「ビジュアル版 日本の妖怪百科」岩井宏實監修
その他、富士山を背負って歩いたという巨人「ダイダラボウ」や、もとは片目や片足の「神さま」だったという「一つ目小僧」や「一本ダタラ」などの山の妖怪をはじめ、海や川にすむ水の妖怪や、村や町などの人の生活圏に出没する妖怪、そして家や毎日使う道具などに宿る妖怪まで、100種以上の妖怪を分類、網羅する。

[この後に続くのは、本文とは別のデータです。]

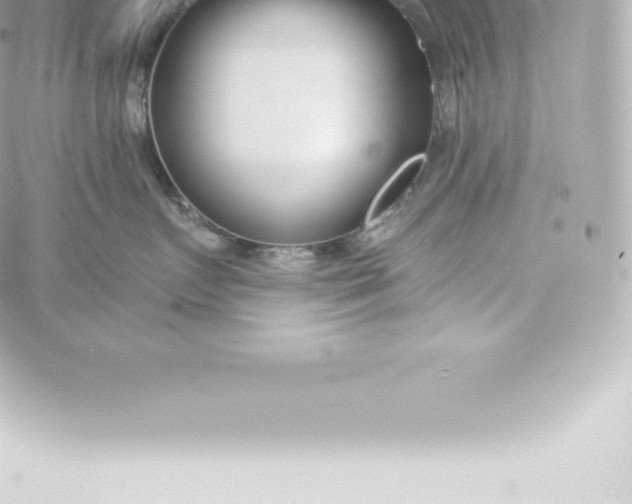 X0000060240719200511111929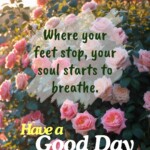 100+ Beautiful Inner Peace Quotes - Mental Peace Quotes 38 mental peace quotes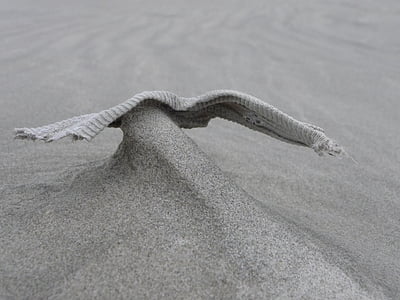 strand, zand, abstract, vleugels, natuur, Wind, Figuur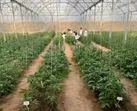 تولید دانش‌بنیان و استراتژیک بذور هیبرید برای تکمیل زنجیره تولیدات گلخانه‌ای در یزد
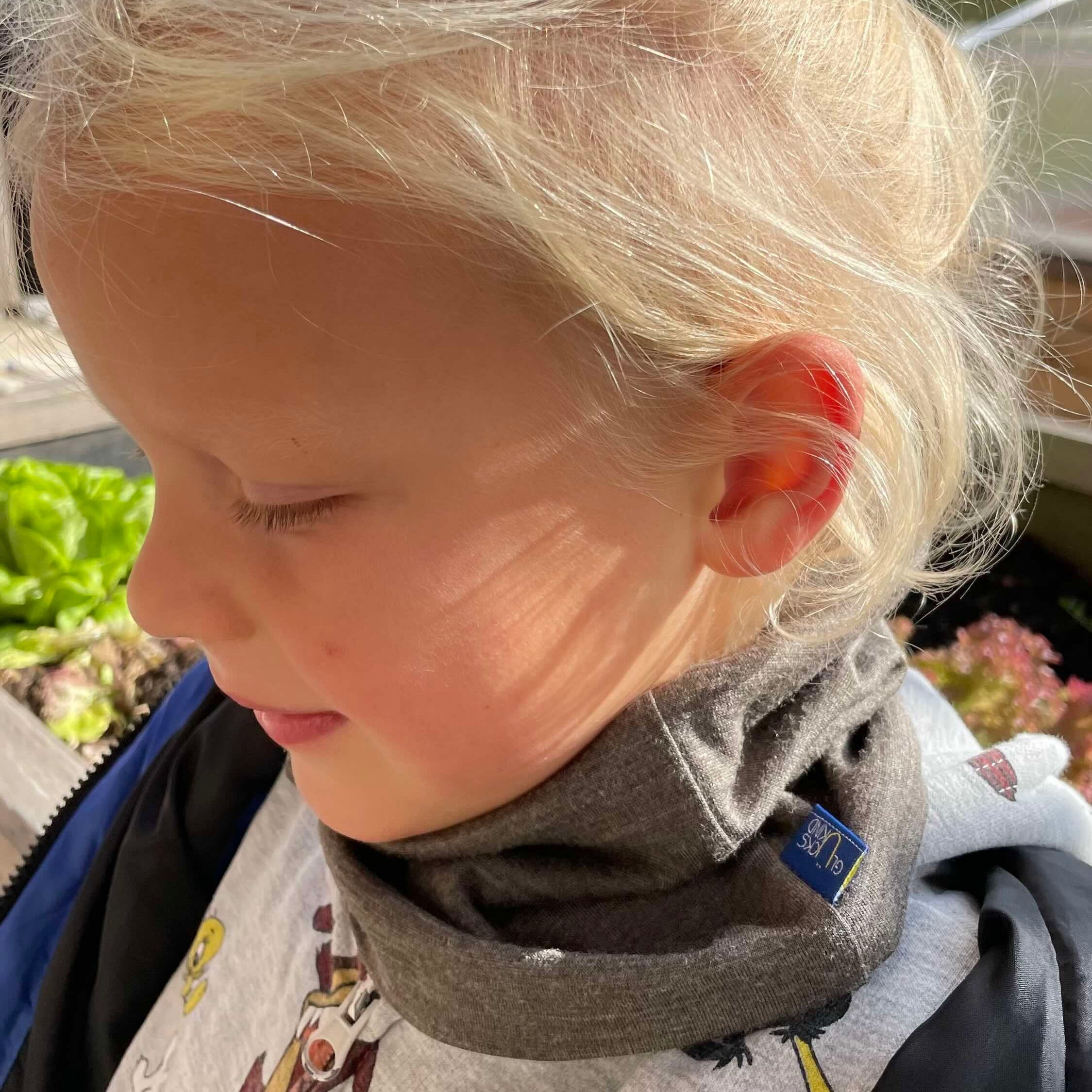 Loop rosé children, merino wool &amp; silk (organic/GOTS)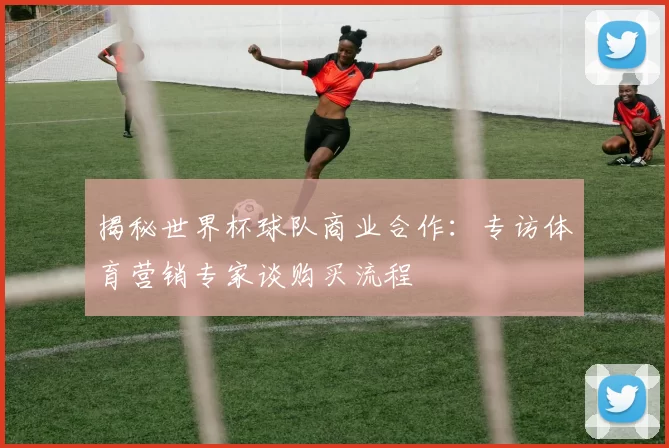 揭秘世界杯球队商业合作:专访体育营销专家谈购买流程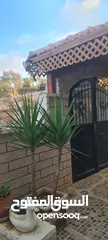  10 بيت مستقل مع ارض  للبيع بسسب السفر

中には、長さが10キロメートルもあり、島だと思って近づくと海の底に沈んでしまう巨大魚「赤えい」という破格サイズの妖怪や、京都府亀岡市の西光寺近くのカヤの木の下に出現してそろばんをはじく音をさせるという「そろばん坊主」などの地域限定妖怪など、初めて目にするものもいる。

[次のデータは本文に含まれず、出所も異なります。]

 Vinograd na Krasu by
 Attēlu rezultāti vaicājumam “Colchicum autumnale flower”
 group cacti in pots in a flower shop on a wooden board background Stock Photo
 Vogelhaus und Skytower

歌川芳員や歌川国芳ら手だれの絵師らによる妖怪画も見応え十分。月岡芳年が描く「楠多門丸古狸退治之図」などは、妖怪狸と楠多門丸(楠木正成の息子・正行のこと)の戦いの背後の闇夜にうごめく百鬼夜行が提灯の明かりに照らされ、一部だけ垣間見えるといった趣向で、芸術性と物語性を併せ持った秀逸な出来栄え。その他、河鍋暁斎や伊藤若冲など、巨匠たちの妖怪画も多数収録され、美術的な楽しみ方もできる。